About this exercise - Hand back, word for word, the lines from the one containing "Deerway Kids Soccer" to the end of the records, both included, and leave out pictures.

Items from a data source:
++++++++++++++++++++
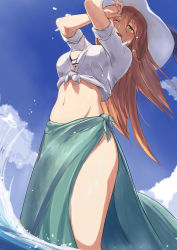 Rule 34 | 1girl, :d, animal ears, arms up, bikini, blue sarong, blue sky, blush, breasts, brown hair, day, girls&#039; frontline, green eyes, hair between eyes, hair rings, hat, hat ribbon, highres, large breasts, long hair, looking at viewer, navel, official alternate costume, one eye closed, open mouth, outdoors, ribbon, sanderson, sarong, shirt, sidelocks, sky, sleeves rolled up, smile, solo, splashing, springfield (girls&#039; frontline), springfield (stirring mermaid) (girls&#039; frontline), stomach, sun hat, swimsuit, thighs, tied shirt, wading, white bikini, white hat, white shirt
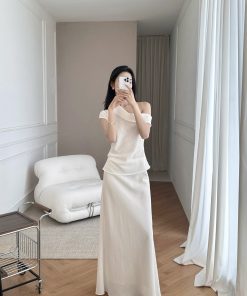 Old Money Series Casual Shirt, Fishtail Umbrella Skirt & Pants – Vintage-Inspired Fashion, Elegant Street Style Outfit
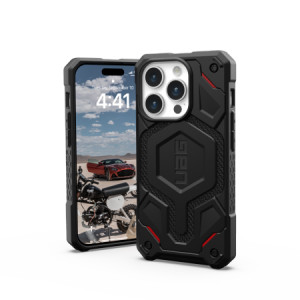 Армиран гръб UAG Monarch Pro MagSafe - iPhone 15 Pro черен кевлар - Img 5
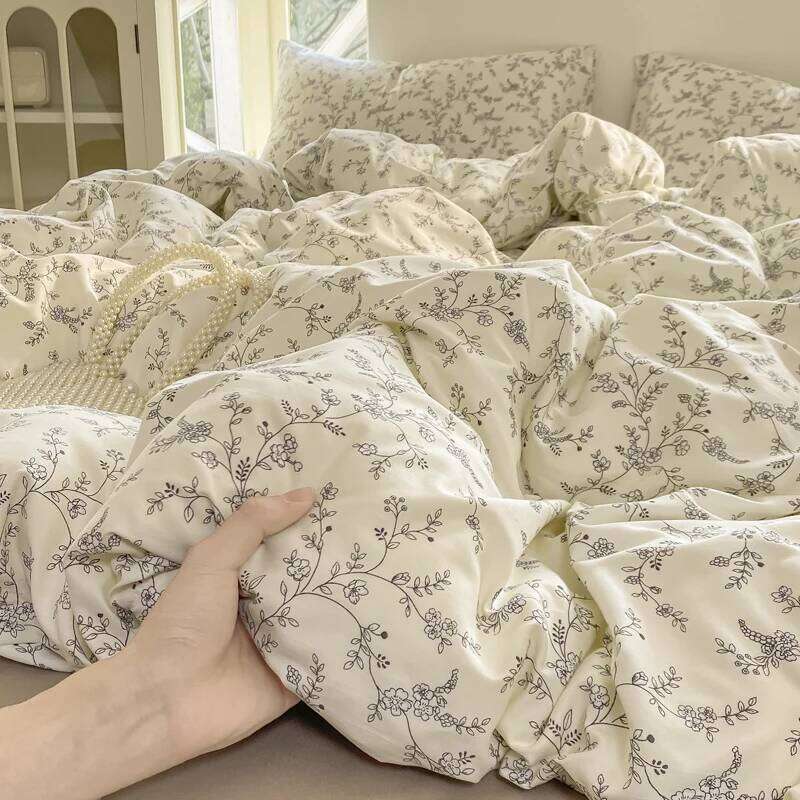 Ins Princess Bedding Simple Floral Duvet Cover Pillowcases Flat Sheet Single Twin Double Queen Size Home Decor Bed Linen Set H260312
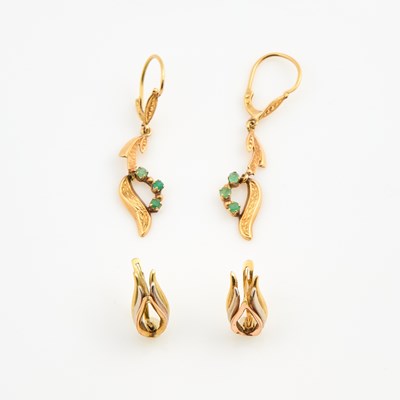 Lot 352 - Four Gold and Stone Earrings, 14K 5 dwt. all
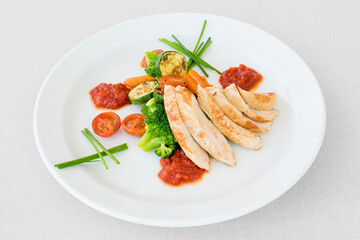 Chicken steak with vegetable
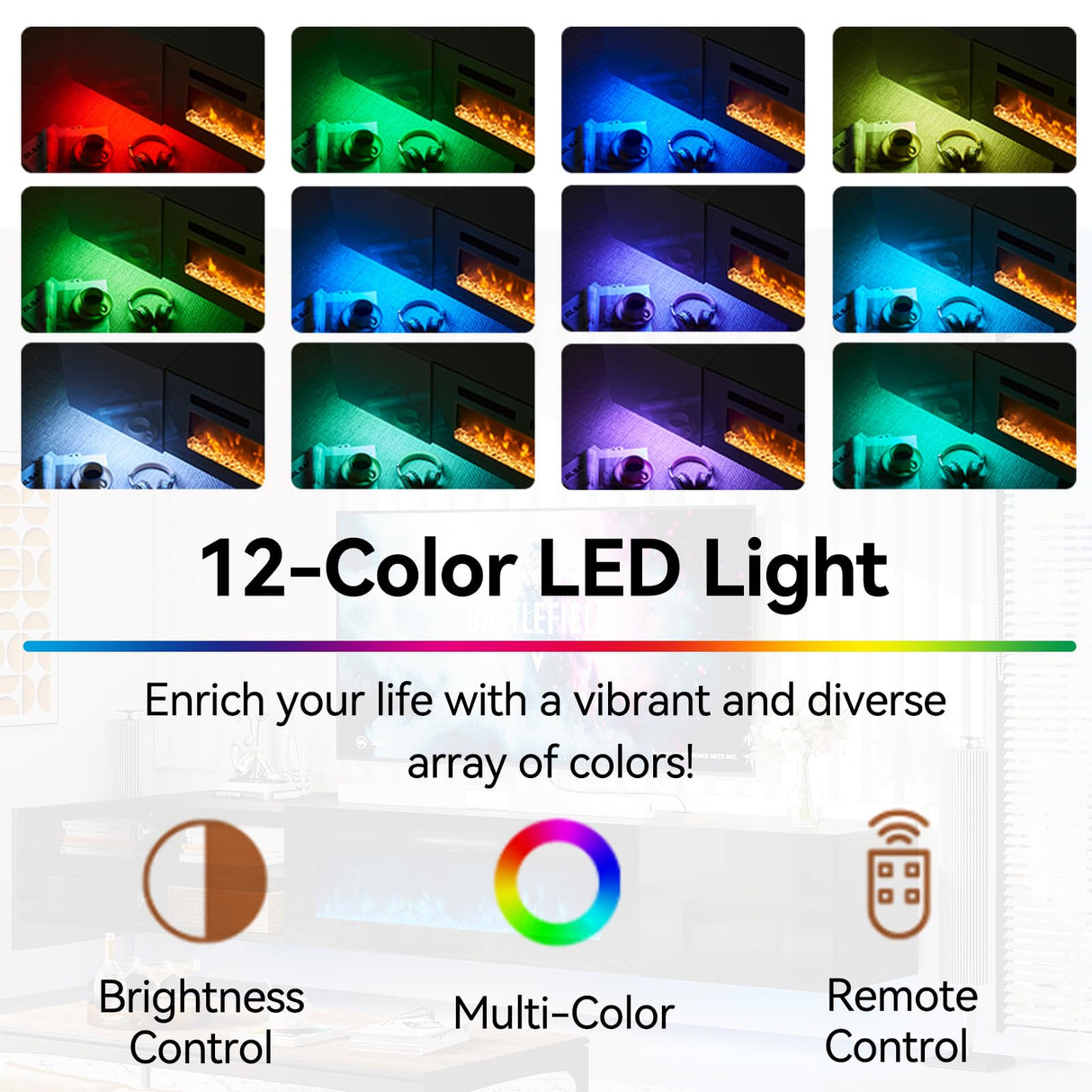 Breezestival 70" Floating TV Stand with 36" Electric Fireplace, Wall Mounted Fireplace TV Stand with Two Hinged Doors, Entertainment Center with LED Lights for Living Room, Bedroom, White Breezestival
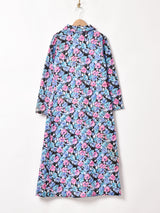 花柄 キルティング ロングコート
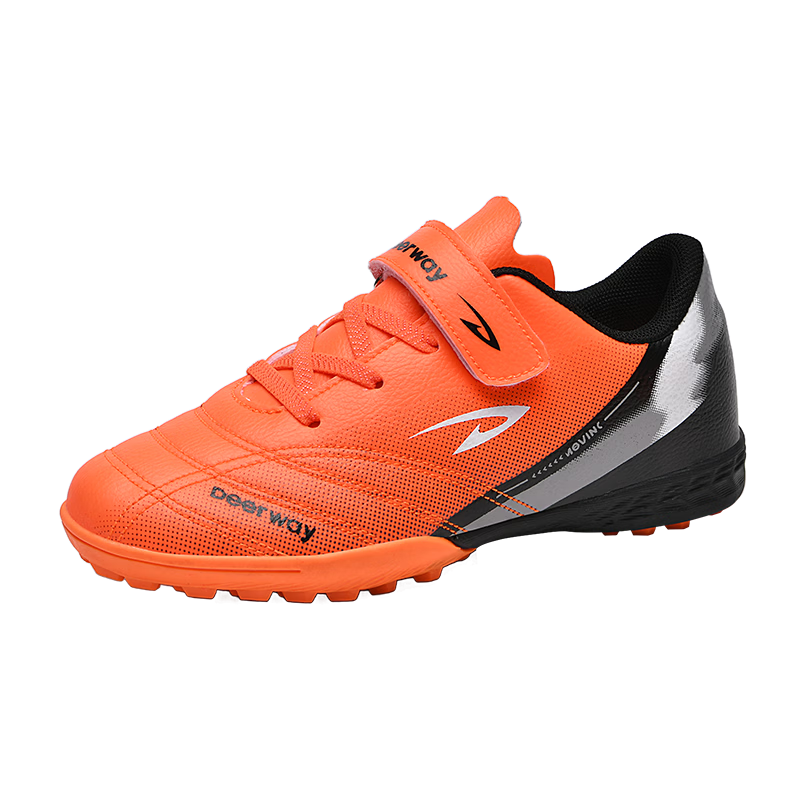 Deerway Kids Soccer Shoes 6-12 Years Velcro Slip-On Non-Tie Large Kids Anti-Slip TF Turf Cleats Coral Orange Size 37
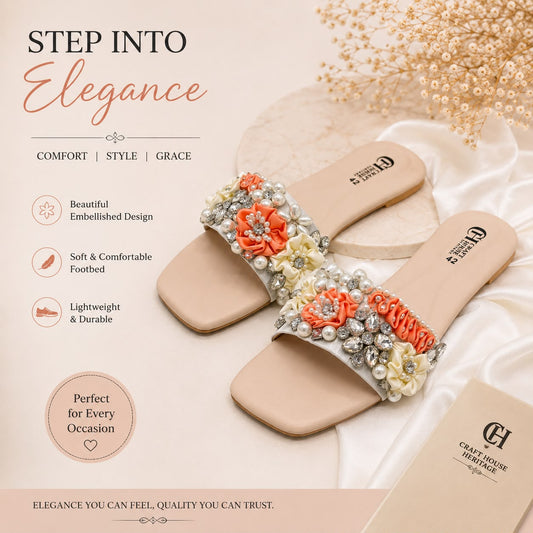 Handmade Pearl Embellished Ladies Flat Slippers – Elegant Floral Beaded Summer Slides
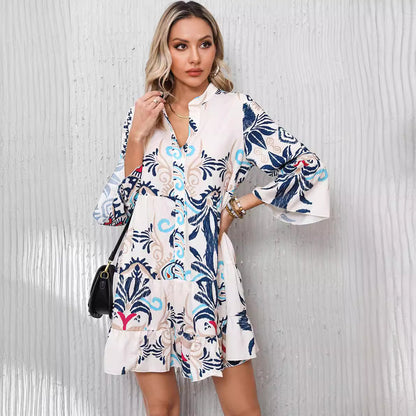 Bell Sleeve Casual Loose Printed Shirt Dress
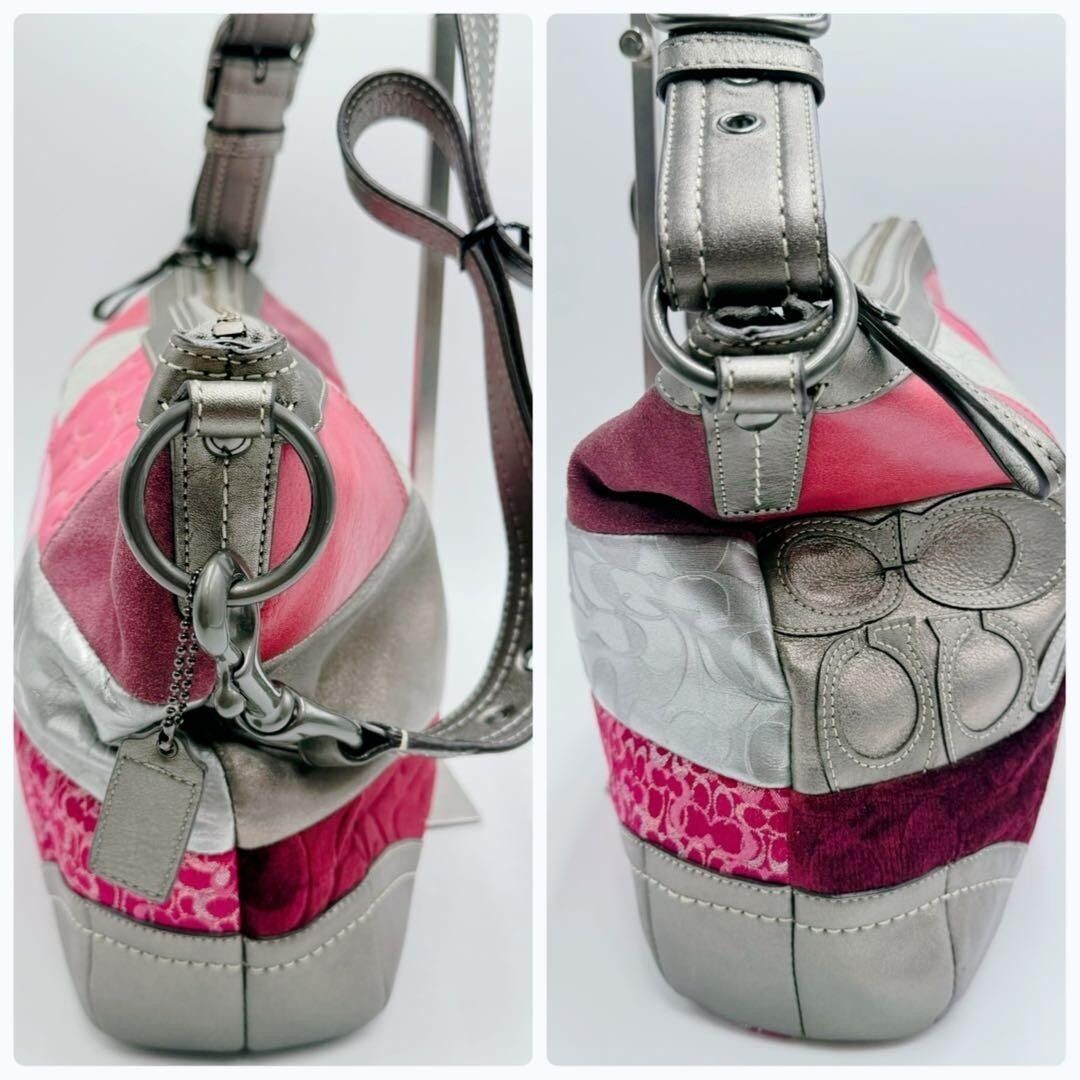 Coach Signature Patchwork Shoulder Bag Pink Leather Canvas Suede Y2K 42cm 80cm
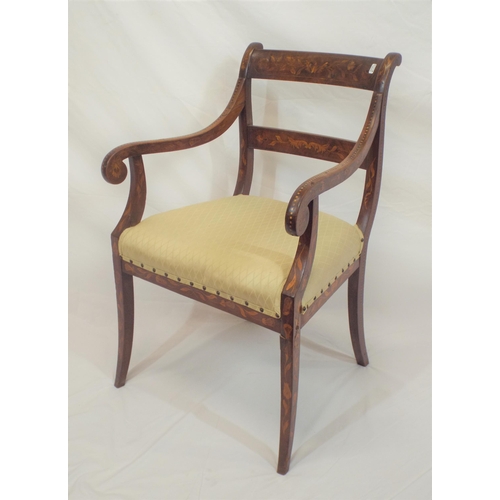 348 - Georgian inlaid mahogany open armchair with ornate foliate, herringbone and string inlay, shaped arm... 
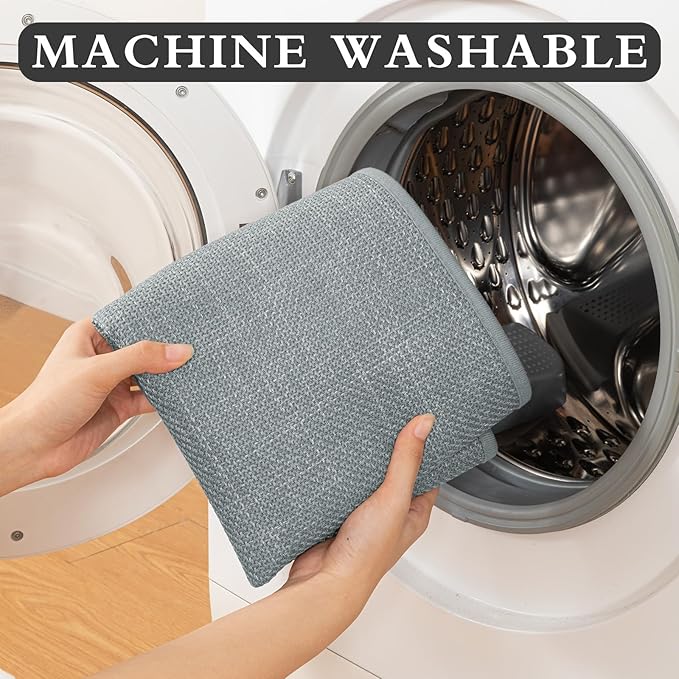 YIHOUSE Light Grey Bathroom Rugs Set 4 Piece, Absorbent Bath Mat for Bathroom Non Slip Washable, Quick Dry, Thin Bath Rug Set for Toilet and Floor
++++++++++++++++++++
Solution to this exercise -
 Deerway Kids Soccer Shoes 6-12 Years Velcro Slip-On Non-Tie Large Kids Anti-Slip TF Turf Cleats Coral Orange Size 37
 Handmade Pearl Embellished Ladies Flat Slippers – Elegant Floral Beaded Summer Slides
 Bell Sleeve Casual Loose Printed Shirt Dress
 Coach Signature Patchwork Shoulder Bag Pink Leather Canvas Suede Y2K 42cm 80cm
 348 - Georgian inlaid mahogany open armchair with ornate foliate, herringbone and string inlay, shaped arm... 
 YIHOUSE Light Grey Bathroom Rugs Set 4 Piece, Absorbent Bath Mat for Bathroom Non Slip Washable, Quick Dry, Thin Bath Rug Set for Toilet and Floor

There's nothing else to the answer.